I have a large dataset (> 9 million rows) of times and locations when individual animals were detected at stations. I would like to calculate the distance between each station along each animal's path as it travelled between stations, as well as the time it took to travel between stations. And then I would like to summarize the total distance and time across all sections of the path.
For each individual in this dataset, the data is organized with each time it was detected at a stationary points. If the individual was at the stationary point for a long, consecutive period of time, then there are multiple records (each ~30 s apart) for this time period.
I can summarize the data below to get 1 row for each time an individual was at a station (see below).

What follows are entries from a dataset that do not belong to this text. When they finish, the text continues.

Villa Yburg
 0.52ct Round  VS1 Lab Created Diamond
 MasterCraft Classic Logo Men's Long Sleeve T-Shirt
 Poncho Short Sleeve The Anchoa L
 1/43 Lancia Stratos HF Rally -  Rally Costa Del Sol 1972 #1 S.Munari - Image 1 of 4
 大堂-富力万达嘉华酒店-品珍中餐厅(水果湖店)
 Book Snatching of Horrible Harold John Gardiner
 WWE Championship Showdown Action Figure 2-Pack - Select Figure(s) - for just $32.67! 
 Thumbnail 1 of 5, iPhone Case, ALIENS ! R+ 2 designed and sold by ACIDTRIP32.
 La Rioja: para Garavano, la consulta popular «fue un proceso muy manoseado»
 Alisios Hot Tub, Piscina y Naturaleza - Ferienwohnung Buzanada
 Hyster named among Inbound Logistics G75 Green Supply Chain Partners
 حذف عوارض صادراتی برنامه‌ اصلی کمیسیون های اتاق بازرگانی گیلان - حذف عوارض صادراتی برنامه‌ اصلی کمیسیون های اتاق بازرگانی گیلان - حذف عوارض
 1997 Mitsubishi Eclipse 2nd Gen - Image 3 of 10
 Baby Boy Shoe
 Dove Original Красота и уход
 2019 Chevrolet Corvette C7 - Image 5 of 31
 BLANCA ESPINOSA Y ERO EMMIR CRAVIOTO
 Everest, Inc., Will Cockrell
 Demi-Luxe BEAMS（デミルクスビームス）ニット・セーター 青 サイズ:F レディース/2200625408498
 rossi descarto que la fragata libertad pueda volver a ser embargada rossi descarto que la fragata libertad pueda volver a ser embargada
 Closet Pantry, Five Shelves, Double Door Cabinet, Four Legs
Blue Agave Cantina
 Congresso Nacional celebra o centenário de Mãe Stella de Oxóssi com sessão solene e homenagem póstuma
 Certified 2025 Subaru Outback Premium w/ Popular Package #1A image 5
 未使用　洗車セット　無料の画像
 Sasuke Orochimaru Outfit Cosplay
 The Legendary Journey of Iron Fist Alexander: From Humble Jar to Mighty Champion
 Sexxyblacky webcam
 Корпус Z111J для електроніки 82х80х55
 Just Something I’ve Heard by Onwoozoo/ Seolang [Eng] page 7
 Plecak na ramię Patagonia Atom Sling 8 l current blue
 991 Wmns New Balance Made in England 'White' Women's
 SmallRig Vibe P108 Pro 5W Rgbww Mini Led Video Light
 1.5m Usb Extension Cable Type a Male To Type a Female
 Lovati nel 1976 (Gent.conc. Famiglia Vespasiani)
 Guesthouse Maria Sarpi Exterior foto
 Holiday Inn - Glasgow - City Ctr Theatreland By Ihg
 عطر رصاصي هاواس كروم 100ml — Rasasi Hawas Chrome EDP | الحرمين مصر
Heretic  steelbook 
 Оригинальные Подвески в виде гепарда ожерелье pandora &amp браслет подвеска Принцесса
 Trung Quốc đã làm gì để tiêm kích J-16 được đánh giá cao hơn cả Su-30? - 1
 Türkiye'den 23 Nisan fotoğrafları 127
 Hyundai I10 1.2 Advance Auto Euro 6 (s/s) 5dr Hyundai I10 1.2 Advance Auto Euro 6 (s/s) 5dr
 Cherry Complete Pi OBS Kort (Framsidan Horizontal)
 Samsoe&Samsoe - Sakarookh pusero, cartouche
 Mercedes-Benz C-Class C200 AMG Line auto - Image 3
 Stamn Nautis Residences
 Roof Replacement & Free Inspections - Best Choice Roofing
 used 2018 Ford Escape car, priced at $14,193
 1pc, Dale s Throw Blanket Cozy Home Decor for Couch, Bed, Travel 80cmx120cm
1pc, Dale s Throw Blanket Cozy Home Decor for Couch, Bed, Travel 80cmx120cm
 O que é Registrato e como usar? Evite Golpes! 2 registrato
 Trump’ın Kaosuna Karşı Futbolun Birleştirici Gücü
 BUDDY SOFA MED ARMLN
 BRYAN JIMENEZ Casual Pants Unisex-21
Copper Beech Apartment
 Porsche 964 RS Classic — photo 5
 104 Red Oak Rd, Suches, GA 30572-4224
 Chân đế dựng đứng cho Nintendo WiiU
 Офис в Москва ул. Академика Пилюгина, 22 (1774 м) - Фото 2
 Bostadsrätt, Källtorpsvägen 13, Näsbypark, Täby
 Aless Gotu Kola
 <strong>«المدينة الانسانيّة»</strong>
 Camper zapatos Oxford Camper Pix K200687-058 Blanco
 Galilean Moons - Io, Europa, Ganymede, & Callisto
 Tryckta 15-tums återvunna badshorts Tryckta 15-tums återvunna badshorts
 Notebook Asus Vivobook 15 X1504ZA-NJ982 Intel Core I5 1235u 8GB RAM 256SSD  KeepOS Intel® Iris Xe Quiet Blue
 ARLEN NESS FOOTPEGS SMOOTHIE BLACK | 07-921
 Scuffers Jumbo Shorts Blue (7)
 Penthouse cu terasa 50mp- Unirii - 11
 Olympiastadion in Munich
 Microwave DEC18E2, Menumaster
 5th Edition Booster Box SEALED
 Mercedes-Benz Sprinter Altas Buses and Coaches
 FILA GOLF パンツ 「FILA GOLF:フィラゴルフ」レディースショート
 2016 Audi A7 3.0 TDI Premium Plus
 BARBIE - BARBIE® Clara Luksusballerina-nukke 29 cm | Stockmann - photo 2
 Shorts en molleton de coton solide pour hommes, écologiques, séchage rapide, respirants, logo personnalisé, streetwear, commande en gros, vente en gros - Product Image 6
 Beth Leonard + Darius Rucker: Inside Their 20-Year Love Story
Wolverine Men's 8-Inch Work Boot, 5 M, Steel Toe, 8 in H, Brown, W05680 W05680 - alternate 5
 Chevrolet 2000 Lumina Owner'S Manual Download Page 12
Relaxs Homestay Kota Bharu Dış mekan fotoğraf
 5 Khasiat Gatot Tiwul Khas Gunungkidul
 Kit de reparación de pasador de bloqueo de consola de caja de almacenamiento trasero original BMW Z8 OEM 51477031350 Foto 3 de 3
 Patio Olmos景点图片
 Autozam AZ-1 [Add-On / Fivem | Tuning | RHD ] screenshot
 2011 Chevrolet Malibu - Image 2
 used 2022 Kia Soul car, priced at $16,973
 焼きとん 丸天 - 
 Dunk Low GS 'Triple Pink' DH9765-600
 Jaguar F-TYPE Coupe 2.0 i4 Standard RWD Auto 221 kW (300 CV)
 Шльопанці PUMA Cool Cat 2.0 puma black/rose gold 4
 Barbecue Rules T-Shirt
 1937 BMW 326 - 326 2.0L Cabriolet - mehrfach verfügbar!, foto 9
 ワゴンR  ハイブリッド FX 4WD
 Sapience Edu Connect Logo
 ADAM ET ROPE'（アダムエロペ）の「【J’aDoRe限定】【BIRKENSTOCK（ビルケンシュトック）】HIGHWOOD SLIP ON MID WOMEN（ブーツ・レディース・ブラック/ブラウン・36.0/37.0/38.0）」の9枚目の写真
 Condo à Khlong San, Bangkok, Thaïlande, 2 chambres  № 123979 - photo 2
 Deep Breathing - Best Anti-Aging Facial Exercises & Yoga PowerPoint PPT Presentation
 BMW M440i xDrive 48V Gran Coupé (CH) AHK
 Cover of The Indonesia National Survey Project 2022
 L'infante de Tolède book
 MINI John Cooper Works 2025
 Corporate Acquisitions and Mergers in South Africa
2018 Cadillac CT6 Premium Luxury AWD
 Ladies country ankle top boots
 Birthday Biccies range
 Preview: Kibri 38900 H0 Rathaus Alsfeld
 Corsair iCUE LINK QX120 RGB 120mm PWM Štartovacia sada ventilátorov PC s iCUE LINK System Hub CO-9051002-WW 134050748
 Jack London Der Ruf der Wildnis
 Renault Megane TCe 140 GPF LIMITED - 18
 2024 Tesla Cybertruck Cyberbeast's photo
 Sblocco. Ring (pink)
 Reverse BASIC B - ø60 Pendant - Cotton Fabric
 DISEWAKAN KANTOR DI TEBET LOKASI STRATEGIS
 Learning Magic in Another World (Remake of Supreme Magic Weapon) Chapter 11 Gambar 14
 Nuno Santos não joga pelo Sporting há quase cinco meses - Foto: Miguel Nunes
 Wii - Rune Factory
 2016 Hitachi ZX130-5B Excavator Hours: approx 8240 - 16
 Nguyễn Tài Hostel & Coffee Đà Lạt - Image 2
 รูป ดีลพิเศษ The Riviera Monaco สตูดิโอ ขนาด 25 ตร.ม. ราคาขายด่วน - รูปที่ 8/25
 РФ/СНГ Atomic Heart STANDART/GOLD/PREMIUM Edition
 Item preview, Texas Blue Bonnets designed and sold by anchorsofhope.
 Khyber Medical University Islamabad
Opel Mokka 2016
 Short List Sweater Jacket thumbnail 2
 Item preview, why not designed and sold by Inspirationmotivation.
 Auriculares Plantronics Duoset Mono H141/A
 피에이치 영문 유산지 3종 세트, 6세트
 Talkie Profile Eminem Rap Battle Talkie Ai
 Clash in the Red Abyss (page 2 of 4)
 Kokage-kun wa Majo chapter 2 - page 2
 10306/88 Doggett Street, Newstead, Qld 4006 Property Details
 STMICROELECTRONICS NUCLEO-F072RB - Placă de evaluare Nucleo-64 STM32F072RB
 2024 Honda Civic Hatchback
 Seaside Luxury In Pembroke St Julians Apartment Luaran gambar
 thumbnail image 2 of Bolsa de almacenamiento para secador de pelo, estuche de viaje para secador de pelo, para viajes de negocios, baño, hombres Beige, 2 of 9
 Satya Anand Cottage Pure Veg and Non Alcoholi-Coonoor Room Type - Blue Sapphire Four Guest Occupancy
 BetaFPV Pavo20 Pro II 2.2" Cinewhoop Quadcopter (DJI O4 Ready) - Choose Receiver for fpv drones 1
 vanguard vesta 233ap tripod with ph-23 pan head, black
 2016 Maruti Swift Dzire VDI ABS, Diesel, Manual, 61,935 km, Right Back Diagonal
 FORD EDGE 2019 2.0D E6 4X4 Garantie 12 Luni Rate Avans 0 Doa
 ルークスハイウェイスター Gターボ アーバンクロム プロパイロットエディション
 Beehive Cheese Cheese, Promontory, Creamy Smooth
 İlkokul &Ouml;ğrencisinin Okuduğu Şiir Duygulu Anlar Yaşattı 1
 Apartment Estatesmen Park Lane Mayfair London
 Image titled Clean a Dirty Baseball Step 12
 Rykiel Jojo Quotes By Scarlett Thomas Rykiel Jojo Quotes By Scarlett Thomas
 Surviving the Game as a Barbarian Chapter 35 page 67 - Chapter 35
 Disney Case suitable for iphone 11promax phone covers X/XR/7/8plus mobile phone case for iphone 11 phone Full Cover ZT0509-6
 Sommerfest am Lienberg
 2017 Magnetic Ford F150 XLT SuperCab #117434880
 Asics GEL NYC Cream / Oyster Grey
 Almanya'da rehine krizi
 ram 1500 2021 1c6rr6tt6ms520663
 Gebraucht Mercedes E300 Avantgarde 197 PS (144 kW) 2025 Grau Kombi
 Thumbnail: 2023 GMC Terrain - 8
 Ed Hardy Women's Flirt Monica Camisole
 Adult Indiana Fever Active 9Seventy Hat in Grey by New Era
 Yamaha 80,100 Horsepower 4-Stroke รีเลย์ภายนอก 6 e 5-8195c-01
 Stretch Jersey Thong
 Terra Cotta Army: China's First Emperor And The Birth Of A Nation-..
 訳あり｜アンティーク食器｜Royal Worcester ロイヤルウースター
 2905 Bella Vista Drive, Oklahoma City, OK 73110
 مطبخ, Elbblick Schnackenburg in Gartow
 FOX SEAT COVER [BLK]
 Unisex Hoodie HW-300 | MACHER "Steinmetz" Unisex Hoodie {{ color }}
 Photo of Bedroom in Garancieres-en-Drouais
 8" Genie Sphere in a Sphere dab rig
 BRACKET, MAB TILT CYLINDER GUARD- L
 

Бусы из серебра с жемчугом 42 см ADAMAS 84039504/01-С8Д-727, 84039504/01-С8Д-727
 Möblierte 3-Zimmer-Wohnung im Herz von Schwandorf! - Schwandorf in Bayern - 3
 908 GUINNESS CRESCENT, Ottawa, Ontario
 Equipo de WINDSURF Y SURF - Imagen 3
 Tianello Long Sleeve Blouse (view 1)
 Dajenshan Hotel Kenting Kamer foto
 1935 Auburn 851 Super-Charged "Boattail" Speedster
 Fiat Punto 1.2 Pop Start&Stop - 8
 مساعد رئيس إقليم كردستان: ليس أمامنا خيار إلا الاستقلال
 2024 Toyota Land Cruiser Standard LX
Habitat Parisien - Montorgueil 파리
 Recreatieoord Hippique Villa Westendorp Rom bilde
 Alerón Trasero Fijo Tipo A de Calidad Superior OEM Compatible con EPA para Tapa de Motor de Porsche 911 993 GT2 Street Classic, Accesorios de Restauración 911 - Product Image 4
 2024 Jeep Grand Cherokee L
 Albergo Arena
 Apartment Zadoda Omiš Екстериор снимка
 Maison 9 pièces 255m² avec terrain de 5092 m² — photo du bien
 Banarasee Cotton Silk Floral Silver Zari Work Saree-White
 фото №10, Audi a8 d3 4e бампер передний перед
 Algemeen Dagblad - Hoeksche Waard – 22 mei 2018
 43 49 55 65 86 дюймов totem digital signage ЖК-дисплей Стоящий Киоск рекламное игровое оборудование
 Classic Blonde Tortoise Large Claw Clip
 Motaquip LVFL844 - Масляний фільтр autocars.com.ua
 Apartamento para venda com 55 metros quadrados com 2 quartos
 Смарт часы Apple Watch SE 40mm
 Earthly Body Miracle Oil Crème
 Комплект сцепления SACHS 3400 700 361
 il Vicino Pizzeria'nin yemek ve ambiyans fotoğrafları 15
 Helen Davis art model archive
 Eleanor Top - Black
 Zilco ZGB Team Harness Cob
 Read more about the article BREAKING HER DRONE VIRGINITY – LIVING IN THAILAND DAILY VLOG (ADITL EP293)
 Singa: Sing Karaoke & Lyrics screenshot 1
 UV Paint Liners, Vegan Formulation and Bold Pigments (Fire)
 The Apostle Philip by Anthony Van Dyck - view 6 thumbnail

However, the output doesn't recognize when an individual travels to the same station more than once.
E.g.
id <- c("A", "A", "A", "A", "A", "A", "A", "A", "B", "B")
site <- c("a", "a", "b", "a", "c", "c", "c", "d", "a", "b")
time <- seq(1:10)
lat <- c(1, 1, 2, 1, 3, 3, 3, 4, 1, 2)
lon <- c(1, 1, 2, 1, 3, 3, 3, 4, 1, 2)
df <- data.frame(id, site, time, lat, lon)
df %>% group_by(id, site, lat, lon) %>%
summarize(timeStart = min(time),
timeEnd = max(time))
# A tibble: 6 x 6
# Groups: id, site, lat [?]
id site lat lon timeStart timeEnd
<fct> <fct> <dbl> <dbl> <dbl> <dbl>
1 A a 1 1 1 4
2 A b 2 2 3 3
3 A c 3 3 5 7
4 A d 4 4 8 8
5 B a 1 1 9 9
6 B b 2 2 10 10
I an approach to group the data so that the multiple visits to the same station (with trips to other stations in between) are recognized as a separate "leg" of the trip.
Then, I need to calculate the great circle distance between each station, as well as the time difference in time between timeEnd (1st station) and timeStart (2nd station).